Below are entries. Give back exactly the lines from the one containing "Bán Đất Thổ" through the one containing "内脏解剖系列课程课程封面", inclusive, without the pictures.

### Dataset extract

= = = = = = =

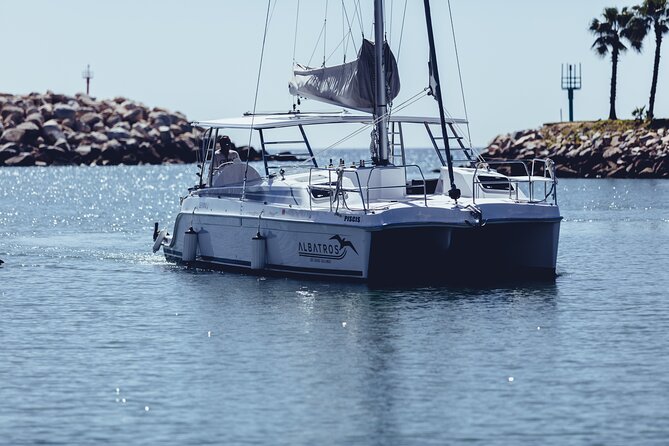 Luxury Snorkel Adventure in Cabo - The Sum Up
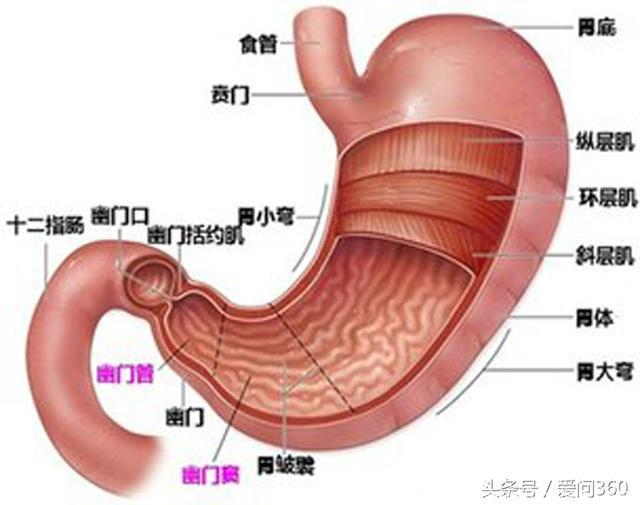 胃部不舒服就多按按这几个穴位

= = = = = = =

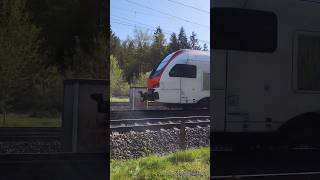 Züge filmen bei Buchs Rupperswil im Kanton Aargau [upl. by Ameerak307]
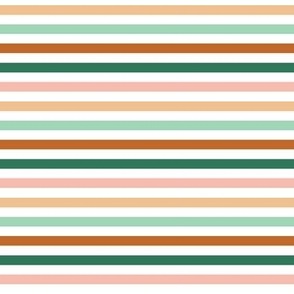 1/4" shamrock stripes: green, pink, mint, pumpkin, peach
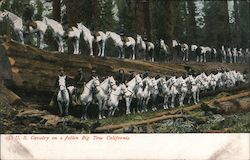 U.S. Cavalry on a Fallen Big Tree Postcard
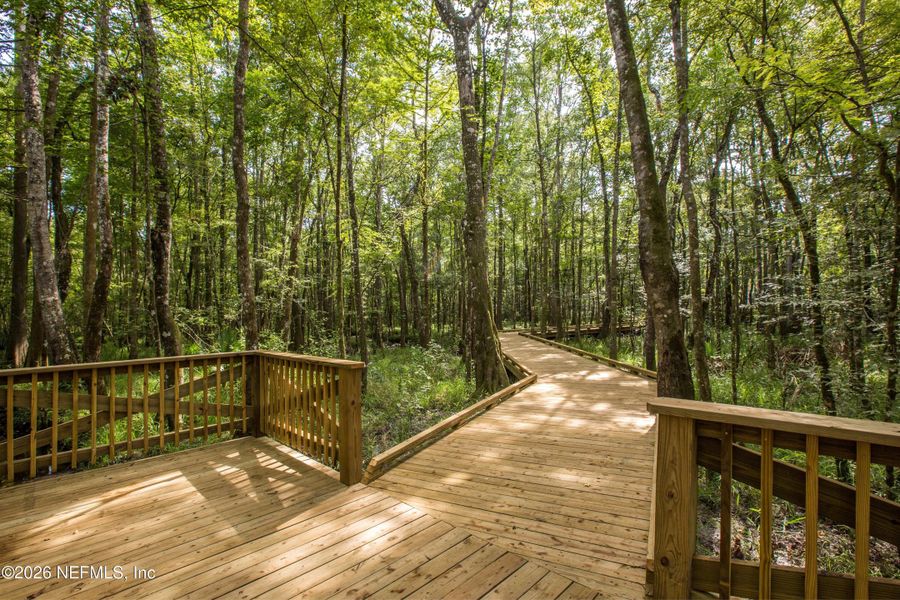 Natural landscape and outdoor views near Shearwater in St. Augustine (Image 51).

= = = = = = =

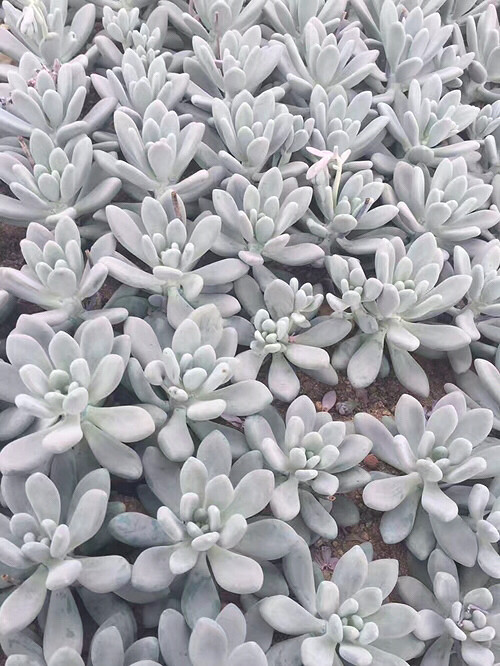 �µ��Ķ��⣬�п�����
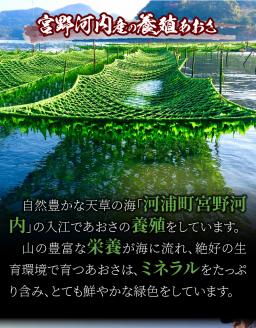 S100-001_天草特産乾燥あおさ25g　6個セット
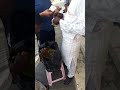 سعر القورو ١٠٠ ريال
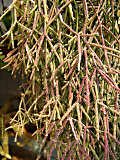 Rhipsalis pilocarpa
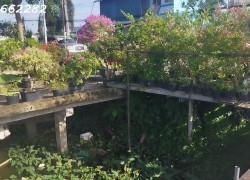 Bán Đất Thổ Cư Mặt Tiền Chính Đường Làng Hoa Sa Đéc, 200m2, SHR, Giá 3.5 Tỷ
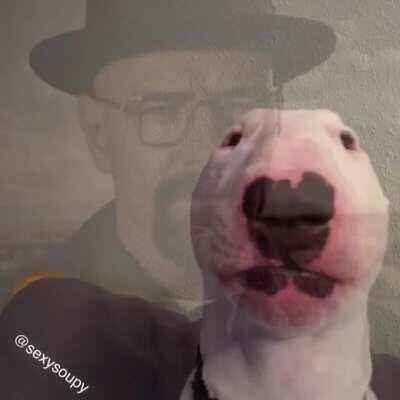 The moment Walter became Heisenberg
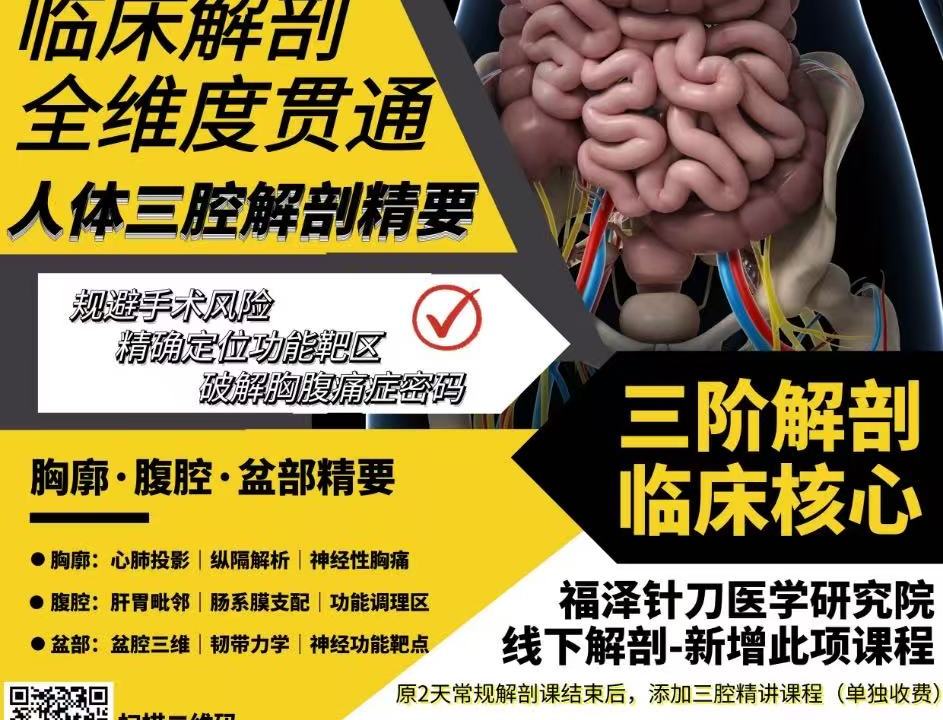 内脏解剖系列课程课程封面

= = = = = = =

### Result for this task
 Bán Đất Thổ Cư Mặt Tiền Chính Đường Làng Hoa Sa Đéc, 200m2, SHR, Giá 3.5 Tỷ
 The moment Walter became Heisenberg
 内脏解剖系列课程课程封面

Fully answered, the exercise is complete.